THE RECORDS -
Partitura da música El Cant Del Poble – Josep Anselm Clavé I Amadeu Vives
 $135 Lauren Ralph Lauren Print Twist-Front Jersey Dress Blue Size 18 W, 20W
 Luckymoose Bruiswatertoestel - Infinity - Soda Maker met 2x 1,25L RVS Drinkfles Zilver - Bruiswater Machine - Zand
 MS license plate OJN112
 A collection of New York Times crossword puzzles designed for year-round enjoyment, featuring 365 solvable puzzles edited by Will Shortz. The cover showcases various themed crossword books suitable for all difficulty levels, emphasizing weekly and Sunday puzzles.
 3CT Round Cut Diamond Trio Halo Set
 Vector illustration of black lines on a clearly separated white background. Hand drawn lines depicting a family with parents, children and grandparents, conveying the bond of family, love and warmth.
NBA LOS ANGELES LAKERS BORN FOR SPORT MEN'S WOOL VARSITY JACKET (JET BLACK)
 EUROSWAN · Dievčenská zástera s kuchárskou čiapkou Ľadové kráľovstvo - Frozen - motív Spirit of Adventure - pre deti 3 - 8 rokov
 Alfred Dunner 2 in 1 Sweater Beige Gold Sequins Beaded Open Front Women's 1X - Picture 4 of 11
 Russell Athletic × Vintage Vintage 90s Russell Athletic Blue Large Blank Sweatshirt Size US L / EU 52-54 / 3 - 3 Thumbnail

WHAT TO PRODUCE - Everything in the data above must be restated verbatim.

ANSWER BOX -
Partitura da música El Cant Del Poble – Josep Anselm Clavé I Amadeu Vives
 $135 Lauren Ralph Lauren Print Twist-Front Jersey Dress Blue Size 18 W, 20W
 Luckymoose Bruiswatertoestel - Infinity - Soda Maker met 2x 1,25L RVS Drinkfles Zilver - Bruiswater Machine - Zand
 MS license plate OJN112
 A collection of New York Times crossword puzzles designed for year-round enjoyment, featuring 365 solvable puzzles edited by Will Shortz. The cover showcases various themed crossword books suitable for all difficulty levels, emphasizing weekly and Sunday puzzles.
 3CT Round Cut Diamond Trio Halo Set
 Vector illustration of black lines on a clearly separated white background. Hand drawn lines depicting a family with parents, children and grandparents, conveying the bond of family, love and warmth.
NBA LOS ANGELES LAKERS BORN FOR SPORT MEN'S WOOL VARSITY JACKET (JET BLACK)
 EUROSWAN · Dievčenská zástera s kuchárskou čiapkou Ľadové kráľovstvo - Frozen - motív Spirit of Adventure - pre deti 3 - 8 rokov
 Alfred Dunner 2 in 1 Sweater Beige Gold Sequins Beaded Open Front Women's 1X - Picture 4 of 11
 Russell Athletic × Vintage Vintage 90s Russell Athletic Blue Large Blank Sweatshirt Size US L / EU 52-54 / 3 - 3 Thumbnail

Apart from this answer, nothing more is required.